Sur le troisième point enfin, sans l'euro, les États auraient vraisemblablement réagi à la crise sans se coordonner. La zone euro apparaît donc comme un pôle de stabilisation et de résistance aux crises. En conséquence, beaucoup de pays, même l'Islande, qui n'appartient pas à l'Union européenne, se tournent aujourd'hui vers elle car ils ont été particulièrement déstabilisés par les récents événements. La zone euro a donc gagné en attractivité : même au Royaume-Uni, certains posent la question de l'intégration à la zone euro, même si l'opinion reste largement sur les positions qui prévalaient avant la crise. Néanmoins, ces pays doivent se soumettre aux règles qui encadrent l'intégration dans la zone. La Hongrie, par exemple, pâtit de déficits importants, ce qui est contraire aux règles régissant l'entrée dans la zone. La nouvelle attractivité de la zone euro ne doit pas faire oublier que celle-ci implique, entre pays membres, une certaine cohésion qui se traduit par le respect des règles communes du Pacte de stabilité et de croissance. Aujourd'hui, la priorité demeure bien entendu la relance. Toutefois, il ne faut pas perdre de vue la nécessité d'un retour au respect des règles du Pacte de stabilité et de croissance. Des règles communes doivent donc demeurer et la proposition de résolution rappelle que le respect du Pacte reste un objectif à moyen terme. La conscience de cette discipline constitue d'ailleurs l'un des éléments du différend franco-allemand.

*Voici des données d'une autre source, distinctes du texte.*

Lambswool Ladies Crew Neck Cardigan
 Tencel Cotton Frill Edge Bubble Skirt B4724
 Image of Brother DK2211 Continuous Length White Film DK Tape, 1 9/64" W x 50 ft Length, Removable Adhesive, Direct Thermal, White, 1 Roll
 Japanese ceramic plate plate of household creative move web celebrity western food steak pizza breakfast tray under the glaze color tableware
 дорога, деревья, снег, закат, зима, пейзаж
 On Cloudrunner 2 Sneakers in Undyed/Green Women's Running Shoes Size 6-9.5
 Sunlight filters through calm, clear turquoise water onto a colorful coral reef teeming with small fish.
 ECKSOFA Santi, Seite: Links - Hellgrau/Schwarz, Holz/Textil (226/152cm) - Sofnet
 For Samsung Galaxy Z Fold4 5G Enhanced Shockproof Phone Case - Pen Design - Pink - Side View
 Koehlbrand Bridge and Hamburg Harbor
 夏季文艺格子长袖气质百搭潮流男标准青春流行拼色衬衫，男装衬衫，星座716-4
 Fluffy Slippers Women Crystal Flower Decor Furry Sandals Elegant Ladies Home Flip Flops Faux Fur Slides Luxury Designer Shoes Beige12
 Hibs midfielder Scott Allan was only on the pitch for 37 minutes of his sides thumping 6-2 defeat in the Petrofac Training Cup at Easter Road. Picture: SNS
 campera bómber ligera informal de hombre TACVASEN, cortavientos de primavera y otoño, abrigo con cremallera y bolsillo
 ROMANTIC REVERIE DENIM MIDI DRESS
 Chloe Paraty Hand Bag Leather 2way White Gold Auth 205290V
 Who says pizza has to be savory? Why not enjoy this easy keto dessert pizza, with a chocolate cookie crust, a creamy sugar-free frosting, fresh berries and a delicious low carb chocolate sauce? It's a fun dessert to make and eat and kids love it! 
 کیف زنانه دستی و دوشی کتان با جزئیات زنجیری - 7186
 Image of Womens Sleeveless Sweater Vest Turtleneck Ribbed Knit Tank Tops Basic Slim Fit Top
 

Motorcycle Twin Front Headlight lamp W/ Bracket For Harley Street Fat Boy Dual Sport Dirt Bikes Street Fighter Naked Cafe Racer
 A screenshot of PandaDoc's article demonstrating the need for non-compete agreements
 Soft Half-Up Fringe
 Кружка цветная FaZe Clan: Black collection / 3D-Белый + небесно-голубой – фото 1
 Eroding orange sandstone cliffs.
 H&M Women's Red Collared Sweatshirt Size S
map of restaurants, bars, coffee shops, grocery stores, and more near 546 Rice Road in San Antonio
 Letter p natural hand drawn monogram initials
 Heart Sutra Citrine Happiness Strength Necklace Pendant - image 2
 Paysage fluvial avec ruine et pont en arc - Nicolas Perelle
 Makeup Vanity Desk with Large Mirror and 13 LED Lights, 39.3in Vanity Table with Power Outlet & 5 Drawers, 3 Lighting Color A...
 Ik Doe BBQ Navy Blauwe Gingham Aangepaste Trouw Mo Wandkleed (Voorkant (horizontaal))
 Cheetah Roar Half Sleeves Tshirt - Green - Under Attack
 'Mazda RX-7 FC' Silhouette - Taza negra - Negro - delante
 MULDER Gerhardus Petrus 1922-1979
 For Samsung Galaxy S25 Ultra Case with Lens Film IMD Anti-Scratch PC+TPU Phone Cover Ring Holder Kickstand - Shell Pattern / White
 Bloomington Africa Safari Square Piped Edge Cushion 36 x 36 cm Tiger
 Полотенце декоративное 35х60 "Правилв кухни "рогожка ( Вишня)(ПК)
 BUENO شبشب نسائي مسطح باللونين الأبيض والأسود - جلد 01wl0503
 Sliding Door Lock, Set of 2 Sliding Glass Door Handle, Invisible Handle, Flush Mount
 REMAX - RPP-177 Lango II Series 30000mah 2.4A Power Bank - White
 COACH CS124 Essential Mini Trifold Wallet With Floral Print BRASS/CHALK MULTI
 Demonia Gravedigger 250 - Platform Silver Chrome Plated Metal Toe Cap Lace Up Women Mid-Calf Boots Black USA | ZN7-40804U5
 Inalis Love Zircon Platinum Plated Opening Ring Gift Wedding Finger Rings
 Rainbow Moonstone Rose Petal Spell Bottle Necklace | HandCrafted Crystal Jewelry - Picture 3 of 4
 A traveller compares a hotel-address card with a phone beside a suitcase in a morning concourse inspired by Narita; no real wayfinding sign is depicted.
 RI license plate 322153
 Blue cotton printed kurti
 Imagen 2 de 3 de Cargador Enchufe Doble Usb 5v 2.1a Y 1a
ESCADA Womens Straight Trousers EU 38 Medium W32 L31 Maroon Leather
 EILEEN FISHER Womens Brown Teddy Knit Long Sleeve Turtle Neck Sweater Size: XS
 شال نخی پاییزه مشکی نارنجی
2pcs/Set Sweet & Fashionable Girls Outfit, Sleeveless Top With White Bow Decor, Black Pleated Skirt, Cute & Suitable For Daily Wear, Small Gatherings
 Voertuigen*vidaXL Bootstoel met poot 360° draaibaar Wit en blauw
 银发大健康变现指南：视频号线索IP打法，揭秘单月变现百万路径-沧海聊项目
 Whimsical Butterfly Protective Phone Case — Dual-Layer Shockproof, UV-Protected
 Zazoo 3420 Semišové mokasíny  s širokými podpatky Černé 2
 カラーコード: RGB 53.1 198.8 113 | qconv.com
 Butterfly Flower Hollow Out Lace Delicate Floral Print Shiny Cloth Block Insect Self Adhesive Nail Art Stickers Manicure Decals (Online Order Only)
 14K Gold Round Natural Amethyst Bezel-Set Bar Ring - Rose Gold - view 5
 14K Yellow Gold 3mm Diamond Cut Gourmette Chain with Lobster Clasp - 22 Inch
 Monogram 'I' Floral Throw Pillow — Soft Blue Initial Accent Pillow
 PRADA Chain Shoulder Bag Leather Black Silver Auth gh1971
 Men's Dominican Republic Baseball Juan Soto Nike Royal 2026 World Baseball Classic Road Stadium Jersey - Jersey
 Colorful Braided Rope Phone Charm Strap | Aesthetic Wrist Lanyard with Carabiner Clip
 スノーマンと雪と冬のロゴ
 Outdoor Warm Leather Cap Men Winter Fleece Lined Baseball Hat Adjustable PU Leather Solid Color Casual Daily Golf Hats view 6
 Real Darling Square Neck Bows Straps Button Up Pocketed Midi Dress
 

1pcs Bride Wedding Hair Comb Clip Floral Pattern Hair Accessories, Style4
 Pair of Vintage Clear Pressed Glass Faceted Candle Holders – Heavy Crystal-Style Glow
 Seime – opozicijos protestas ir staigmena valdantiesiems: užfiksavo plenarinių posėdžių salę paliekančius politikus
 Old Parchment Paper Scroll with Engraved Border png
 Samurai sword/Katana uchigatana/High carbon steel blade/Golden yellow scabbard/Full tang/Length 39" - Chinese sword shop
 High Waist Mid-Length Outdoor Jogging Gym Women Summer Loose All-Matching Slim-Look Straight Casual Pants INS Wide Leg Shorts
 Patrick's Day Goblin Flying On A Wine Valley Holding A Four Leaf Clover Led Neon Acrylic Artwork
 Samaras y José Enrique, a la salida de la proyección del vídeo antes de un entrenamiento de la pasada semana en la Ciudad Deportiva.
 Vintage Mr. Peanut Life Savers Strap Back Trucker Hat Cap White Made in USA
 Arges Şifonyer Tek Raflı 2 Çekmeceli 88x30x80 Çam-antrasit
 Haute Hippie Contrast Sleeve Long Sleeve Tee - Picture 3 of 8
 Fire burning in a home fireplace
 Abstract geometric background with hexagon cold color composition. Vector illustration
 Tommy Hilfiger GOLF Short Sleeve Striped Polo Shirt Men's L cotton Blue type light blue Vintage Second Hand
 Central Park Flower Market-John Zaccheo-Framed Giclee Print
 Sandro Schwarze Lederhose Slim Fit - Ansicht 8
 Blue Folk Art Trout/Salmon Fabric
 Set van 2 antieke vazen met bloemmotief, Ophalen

En conclusion, je vous invite à adopter la proposition de résolution présentée par la commission chargée des Affaires européennes, sous réserve d'un amendement de complément évoquant les autres travaux parlementaires menés sur la question.
La Commission examine un amendement du Rapporteur, qui vise à faire référence aux propositions du groupe de travail Assemblée nationale – Sénat sur la crise financière internationale dans la proposition de résolution.
La Commission adopte cet amendement.
La Commission adopte ensuite l'article unique de la proposition de résolution ainsi modifié.